I loved comic books. Loved them. The juxtaposition of story and art is unparalleled in any medium.
In high school, almost every extra dollar went to buying comics. I bought tons of independent comics like the Badger and Nexus and Teenage Mutant Ninja Turtles. I got some mainstream comics, but I never really fell in love with overly popular characters, but I did love the X-men and their stories around just wanting to belong and not be persecuted for who they were or how they were different.
I also fell into the “wrong” crowd in high school. I had a few friends that ran a legitimate burglary ring where they would steal clothes from one store and return them to another. Pretty soon, they gave me the peer pressured courage to steal comics books.
I was good at it. I stole dozens and dozens. Until like all ne’er-do-wells, I eventually got caught at a Walgreens and they threatened to call my parents. And it was 15 years before I went back into that Walgreens.
It was a secret that was hard to hold. Every night when my parents got home from work I expected a call. It never came. I finally told my cousin, who told my aunt, who told my mom, who freaked the fuck out, and wanted to kick me out of the house until I learned to mend my ways.

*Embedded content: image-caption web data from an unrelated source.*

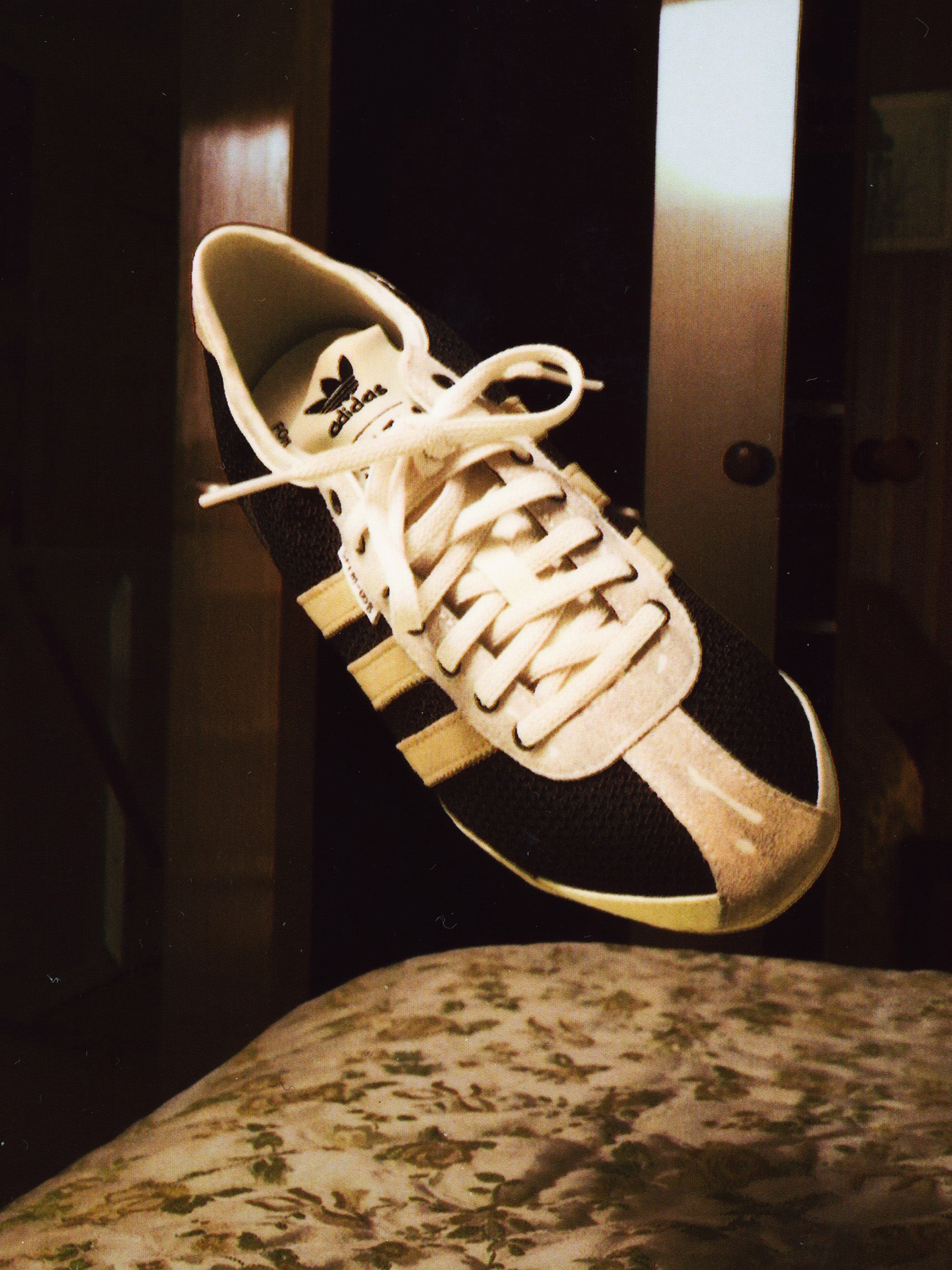Adidas Tokyo W SFTM in Black/Beige/Gold - campaign shot showing sneaker suspended in mid-air with beige three stripes and off-white lace-up detail against a dark interior background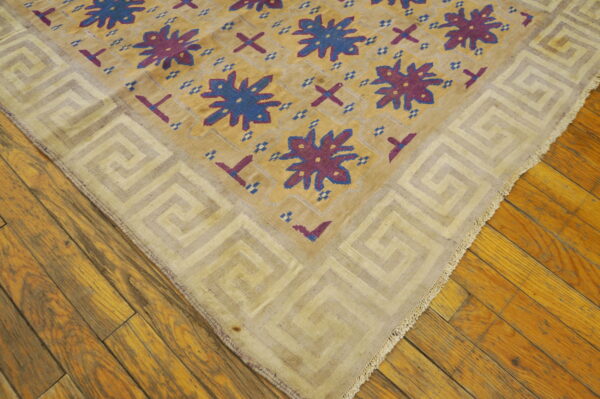Antique dhurrie small scatter size cotton brown rug 5 A flatwoven rug with a gold field, blue and purple stars, and a light greek key border rests on wood floors.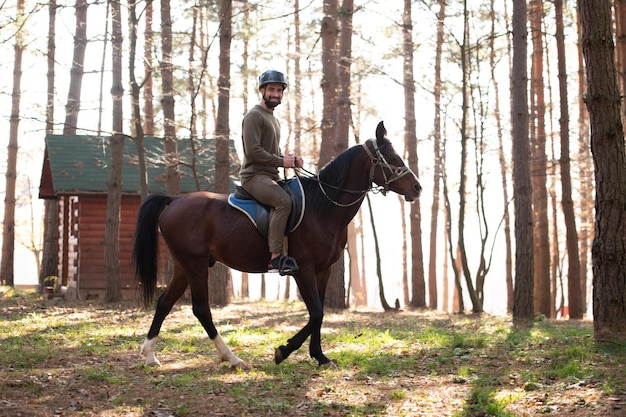 Hombre con casco a caballo en el bosque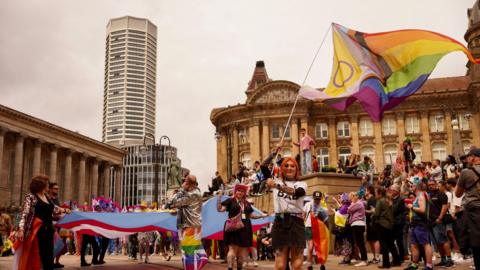 A woman with orange hair waves a rainbow flag in a wide shot Chamberlain Square Birmingham. She is wearing a white t-shirt and black mini skirt. Behind her are crowds of people wearing rainbow accessories. Birmingham's council house can be seen to the left and the Octagon tower behind.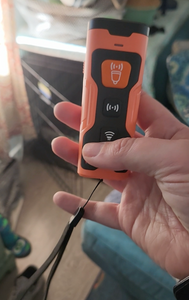 Another view of the black and orange device in a person's hand.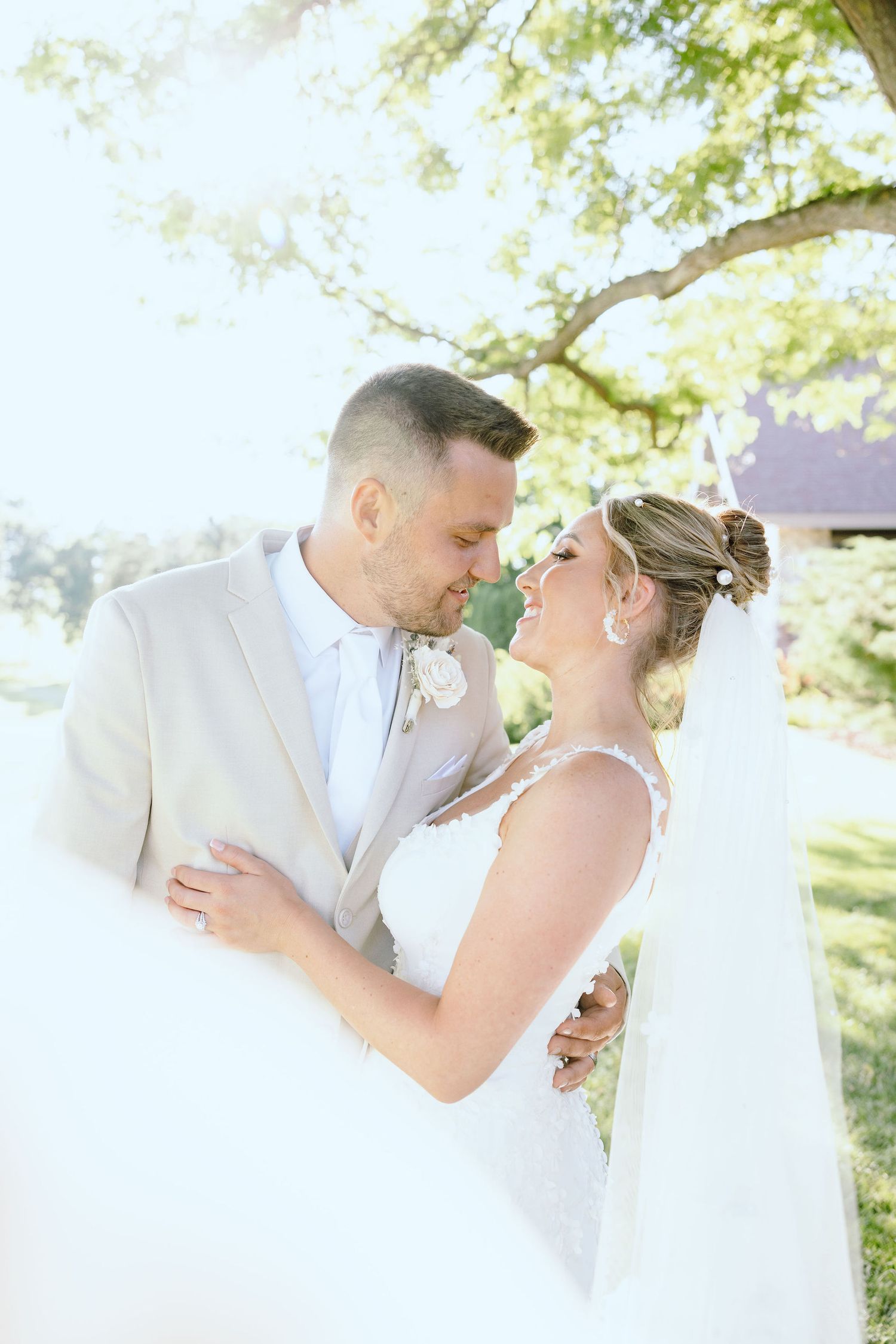 Married couple embracing under veil at Lapeer Country Club wedding in Michigan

Needless to say, I had quite disappointed my parents. I gave back most of the comics I stole, and stopped hanging out with the (not actual) Bling Ring. As the summer came to a close, I figured out that I had a skill for brokering sales between people, and started to do that at school. A D&D figurine here; a video game there; I quickly began to make real money and my need to steal comics followed my desire out the door.
Much later, I helped run a comic book startup and got to learn how the sausage was made. The comic industry is a unique industry loaded with wonderful characters that can be as fantastic as the heroes and villains they write about. And I still read comics now and again, but I don’t go to that Walgreens.